2013-11-14 Thread John Mikes
Telmo and other 'experts':
why does nobody even mention the geothermic energy app - available in huge
Q-s and so far tapped only in (literalily) 'superficial' usage. The high
pressure ultra-clean steam from a deepened modification of the exhausted
oil wells may provide much much more energy than today's needs, so it could
serve as driving force for more than we think by ongoing technology. (E.g.
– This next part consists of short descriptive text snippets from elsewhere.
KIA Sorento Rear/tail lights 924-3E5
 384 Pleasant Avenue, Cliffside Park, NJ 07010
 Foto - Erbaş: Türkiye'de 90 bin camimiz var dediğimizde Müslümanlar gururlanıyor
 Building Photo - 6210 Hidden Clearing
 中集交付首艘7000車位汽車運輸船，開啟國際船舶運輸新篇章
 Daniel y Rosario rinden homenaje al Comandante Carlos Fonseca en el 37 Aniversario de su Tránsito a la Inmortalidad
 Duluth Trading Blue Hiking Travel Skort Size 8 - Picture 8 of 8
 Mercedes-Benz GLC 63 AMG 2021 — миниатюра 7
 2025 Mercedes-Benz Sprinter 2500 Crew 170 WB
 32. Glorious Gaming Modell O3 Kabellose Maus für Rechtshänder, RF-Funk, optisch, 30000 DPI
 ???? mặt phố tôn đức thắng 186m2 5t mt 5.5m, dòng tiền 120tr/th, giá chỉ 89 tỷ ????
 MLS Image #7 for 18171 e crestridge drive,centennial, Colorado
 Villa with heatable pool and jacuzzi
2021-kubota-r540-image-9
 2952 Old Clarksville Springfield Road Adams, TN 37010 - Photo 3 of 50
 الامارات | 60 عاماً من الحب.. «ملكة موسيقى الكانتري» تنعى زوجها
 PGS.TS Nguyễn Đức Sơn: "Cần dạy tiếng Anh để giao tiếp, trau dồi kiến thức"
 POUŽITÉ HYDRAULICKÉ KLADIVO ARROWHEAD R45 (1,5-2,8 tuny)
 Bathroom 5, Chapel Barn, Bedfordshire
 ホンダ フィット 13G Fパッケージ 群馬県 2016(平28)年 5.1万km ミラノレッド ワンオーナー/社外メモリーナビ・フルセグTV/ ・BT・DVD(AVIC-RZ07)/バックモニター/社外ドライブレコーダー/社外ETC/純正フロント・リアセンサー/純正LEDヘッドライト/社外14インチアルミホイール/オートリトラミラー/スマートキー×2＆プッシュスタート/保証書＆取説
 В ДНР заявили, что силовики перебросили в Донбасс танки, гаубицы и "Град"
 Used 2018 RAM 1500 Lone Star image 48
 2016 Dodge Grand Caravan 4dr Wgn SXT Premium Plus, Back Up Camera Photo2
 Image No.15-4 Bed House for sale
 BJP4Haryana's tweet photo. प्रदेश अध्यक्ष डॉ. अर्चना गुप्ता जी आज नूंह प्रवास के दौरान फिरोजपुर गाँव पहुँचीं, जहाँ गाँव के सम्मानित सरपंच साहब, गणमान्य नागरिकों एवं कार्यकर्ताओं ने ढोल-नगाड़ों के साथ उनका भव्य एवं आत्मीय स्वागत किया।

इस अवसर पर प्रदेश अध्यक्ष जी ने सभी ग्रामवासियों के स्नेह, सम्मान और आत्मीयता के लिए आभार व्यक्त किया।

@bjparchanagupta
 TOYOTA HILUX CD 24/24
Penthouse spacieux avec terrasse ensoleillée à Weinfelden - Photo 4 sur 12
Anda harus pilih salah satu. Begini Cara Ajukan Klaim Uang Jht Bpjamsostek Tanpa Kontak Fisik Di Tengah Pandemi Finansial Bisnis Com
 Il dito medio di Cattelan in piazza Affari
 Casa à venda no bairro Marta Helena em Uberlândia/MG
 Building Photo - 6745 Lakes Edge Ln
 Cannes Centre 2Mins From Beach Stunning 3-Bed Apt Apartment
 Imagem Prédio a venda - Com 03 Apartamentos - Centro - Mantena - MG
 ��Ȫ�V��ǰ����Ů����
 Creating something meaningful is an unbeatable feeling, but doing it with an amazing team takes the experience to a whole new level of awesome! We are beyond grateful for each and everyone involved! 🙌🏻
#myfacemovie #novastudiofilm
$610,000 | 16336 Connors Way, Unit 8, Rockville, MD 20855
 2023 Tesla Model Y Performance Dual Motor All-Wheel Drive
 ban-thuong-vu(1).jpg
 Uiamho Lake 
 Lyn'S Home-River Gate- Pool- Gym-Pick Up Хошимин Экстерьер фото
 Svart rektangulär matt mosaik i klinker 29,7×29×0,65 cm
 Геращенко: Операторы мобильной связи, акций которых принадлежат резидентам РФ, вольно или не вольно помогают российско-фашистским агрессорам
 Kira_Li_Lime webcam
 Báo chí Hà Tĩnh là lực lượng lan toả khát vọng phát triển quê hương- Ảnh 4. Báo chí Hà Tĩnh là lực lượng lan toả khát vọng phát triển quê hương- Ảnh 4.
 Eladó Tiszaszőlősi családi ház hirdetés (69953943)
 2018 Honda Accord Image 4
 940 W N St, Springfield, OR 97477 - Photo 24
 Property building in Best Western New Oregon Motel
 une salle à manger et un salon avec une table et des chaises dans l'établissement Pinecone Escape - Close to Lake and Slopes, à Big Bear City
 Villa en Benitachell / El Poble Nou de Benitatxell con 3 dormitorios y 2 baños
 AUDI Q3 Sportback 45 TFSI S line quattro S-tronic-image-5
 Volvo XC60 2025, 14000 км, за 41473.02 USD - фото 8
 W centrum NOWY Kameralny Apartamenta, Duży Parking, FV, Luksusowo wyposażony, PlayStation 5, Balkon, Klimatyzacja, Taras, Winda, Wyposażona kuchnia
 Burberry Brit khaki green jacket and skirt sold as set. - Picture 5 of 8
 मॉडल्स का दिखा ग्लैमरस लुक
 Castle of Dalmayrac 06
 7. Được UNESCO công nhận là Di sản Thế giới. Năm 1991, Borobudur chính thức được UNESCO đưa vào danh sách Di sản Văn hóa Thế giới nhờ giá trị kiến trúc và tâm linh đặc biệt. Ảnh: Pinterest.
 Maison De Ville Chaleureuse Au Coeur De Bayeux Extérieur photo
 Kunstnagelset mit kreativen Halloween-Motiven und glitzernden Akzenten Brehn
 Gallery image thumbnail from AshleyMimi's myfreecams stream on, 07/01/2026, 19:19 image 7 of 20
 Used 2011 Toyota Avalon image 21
potable water, agri-irrigation, when fresh-water becomes scarce - like now
- pollution-free transportation, keeping politicians in asylum, etc.) .
JM




On Wed, Nov 13, 2013 at 5:03 PM, Telmo Menezes wrote:

> On Wed, Nov 13, 2013 at 5:51 PM, Chris de Morsella
>  wrote:
> >
> >
> > -Original Message-
> > From: everything-list@googlegroups.com
> > [mailto:everything-list@googlegroups.com] On Behalf Of Telmo Menezes
> > Sent: Wednesday, November 13, 2013 1:07 AM
> > To: everything-list@googlegroups.com
> > Subject: Re: Our Demon-Haunted World
> >
> > On Wed, Nov 13, 2013 at 12:49 AM, LizR  wrote:
> >> On 13 November 2013 10:55,  wrote:
> >>>
> >>> if you want us to give up the bad, dirty, power, then please provide
> >>> a clean, affordable, abundant substitute. Faster, please.
> >>
> >>
> >> The Sun, of course. Produces millions of times more power than we need.
> >>
> >> Trouble is the fossil fuel industry doesn't want us to use it. Given
> >> the sort of effort ut into that that has been put into the "space
> >> race" or warfare we'd have this sorted by next week.
> >
> > I have no doubt that the fossil fuel industry will try to prevent this. I
> > also agree that the effort put into wars is a horrible misuse of human
> > potential and that great things could be achieved instead.
> >
> > Regarding solar power -- this could be the solution but it's sci-fi at
> the
> > moment. It's intuitive to look at solar panels and imagine fossil fuels
> > being replaced by this. It's less intuitive to visualise the scale of the
> > problem and the limitations of current technology. We have a world
> > population of about 7 billion now. It has doubled since I was born, in
> 1976.
> > It continues to grow at more than 1% a year and this is an important
> part of
> > the equation. Ultimately, the world's energy budget is mostly spent on
> > providing basic necessities to all of these people. Food, heating, health
> > care, schools and so on. I'm not arguing that the resources are correctly
> > distributed, but I am arguing that this is what we mostly use the energy
> > for. A lot of energy. The large chunk of it currently comes from oil,
> coal
> > and natural gas.
> >
> > So the problems, according to my limited knowledge: current solar panels
> are
> > based on silicon, which is a scarce resource. The amount of silicon
> > available might not be enough for the total solar panel surface area
> that we
> > would need to remove our dependency on fossil fuels. In fact, some people
> > are suggesting that we already reached peak silicon.
> >
> > Another other issue is energy efficiency. Mining the raw materials and
> then
> > transforming them into solar panels takes a certain energy budget. Then
> > these panels last for some years. Then you have to build new ones. The
> more
> > you remove fossil fuel from the equation, the more you have to rely on
> the
> > solar panels energy to pay for the energy budget of the next generation.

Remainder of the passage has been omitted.